LISTED ENTRIES:
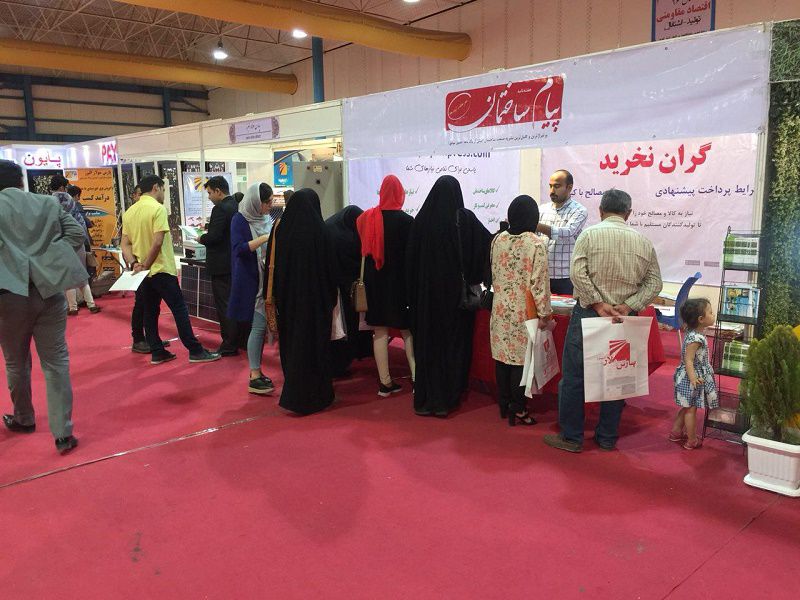 گزارش-تصویری-شانزدهمین-نمایشگاه-صنعت-ساختمان-و-صنایع-وابسته-گرگان5997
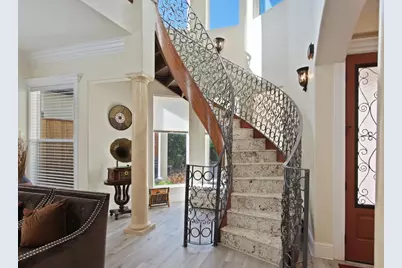 3205 Hillglen Avenue, Modesto, CA 95355 - Photo 8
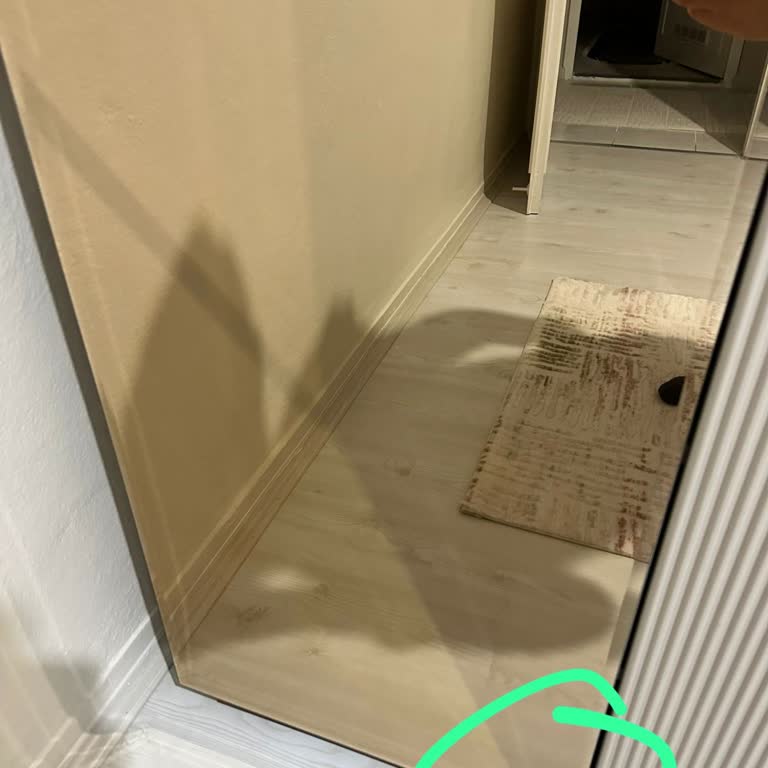 Müşteri Hizmetleri Erişilemiyor: Acil Çözüm Bekliyorum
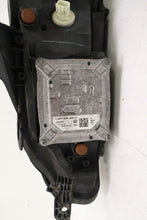 Laden Sie das Bild in den Galerie-Viewer, Frontscheinwerfer Jeep Cherokee Kl 68157104AQ 130732948901 Rechts Headlight SCH2240984912gl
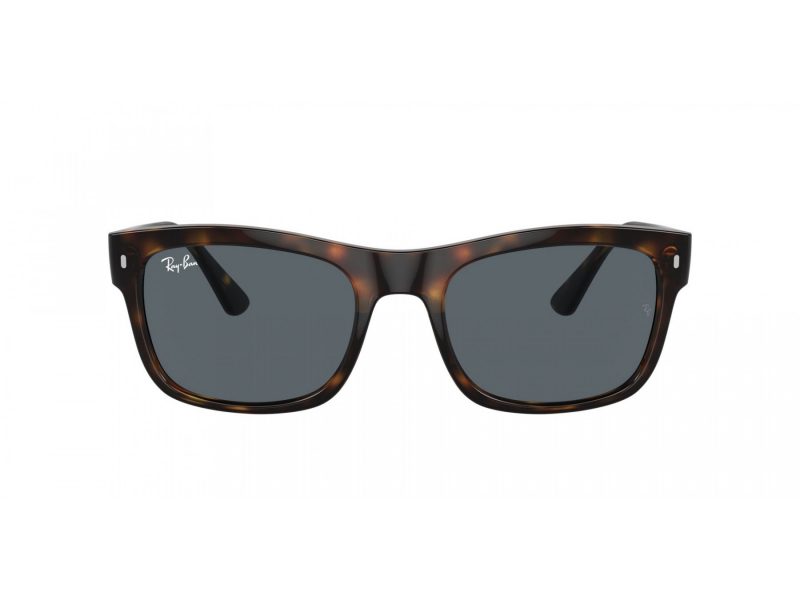 Ray-Ban Ochelari de Soare RB 4428 710/R5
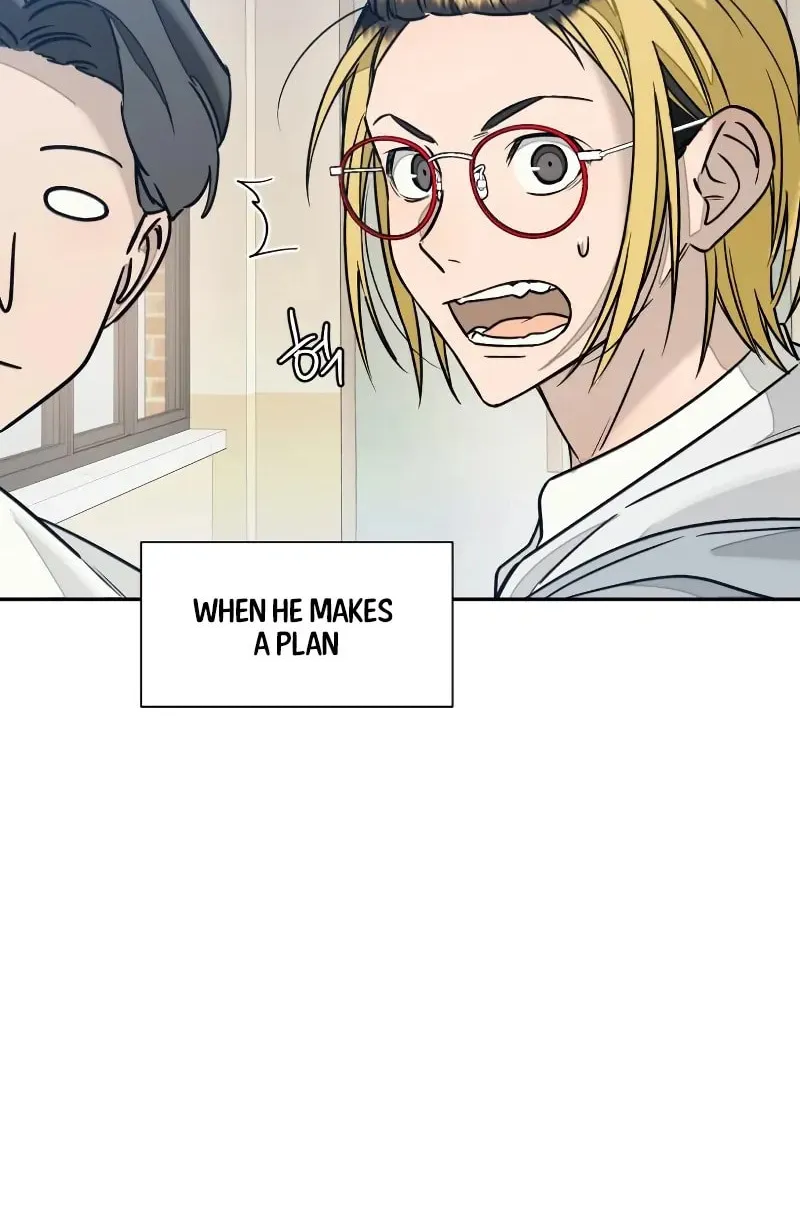 Solgreen Chapter 10 page 10 - 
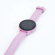 Garmin Forerunner 265S: Picture 4 thumbnail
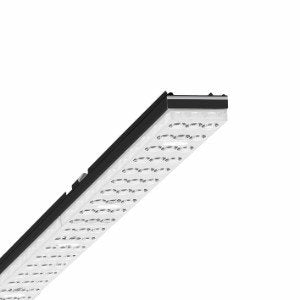 Regiolux - Geräteträger für Lichtbandsystem LED-Geräteträger IP64 SRGSOT /#19422006114 830, DALI2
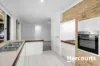 39 Cadoux Loop, Hocking, WA 6065-Image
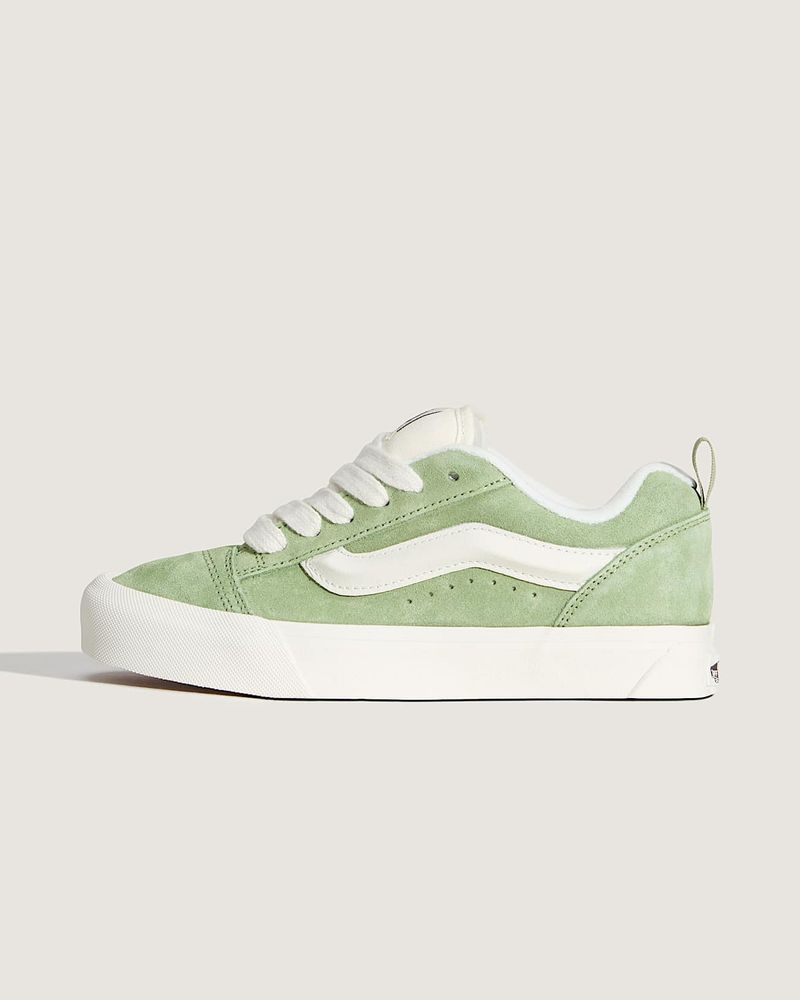 Tenis Knu Skool Unisex-1776175852490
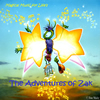 The Adventures of Zak Cast Album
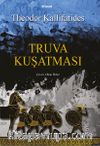 Truva Kuşatması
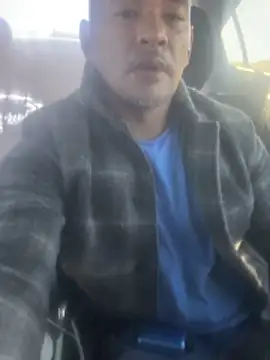 EatMyCake831 online show from March 12, 2026, 5:17 pm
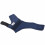 Lichtgewicht Duimspalk Kids XS 4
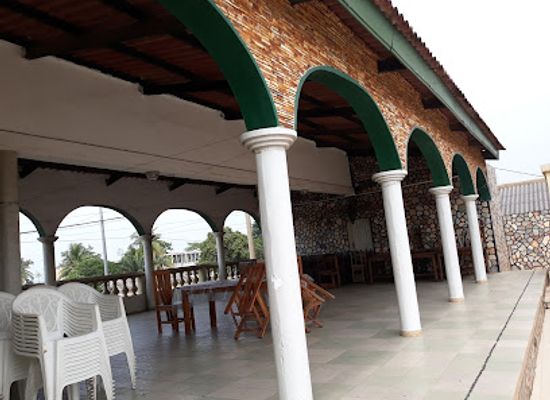 togo/lake-togo-area/landmark/la-becca-hotel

EXERCISE DESCRIPTION: All that is needed here is the run of lines from the one containing "Regiolux - Geräteträger" through the end of the material above, reproduced exactly and without pictures.

TASK RESULT:
 Regiolux - Geräteträger für Lichtbandsystem LED-Geräteträger IP64 SRGSOT /#19422006114 830, DALI2
 39 Cadoux Loop, Hocking, WA 6065-Image
 Tenis Knu Skool Unisex-1776175852490
 The Adventures of Zak Cast Album
 Truva Kuşatması
 EatMyCake831 online show from March 12, 2026, 5:17 pm
 Lichtgewicht Duimspalk Kids XS 4
 togo/lake-togo-area/landmark/la-becca-hotel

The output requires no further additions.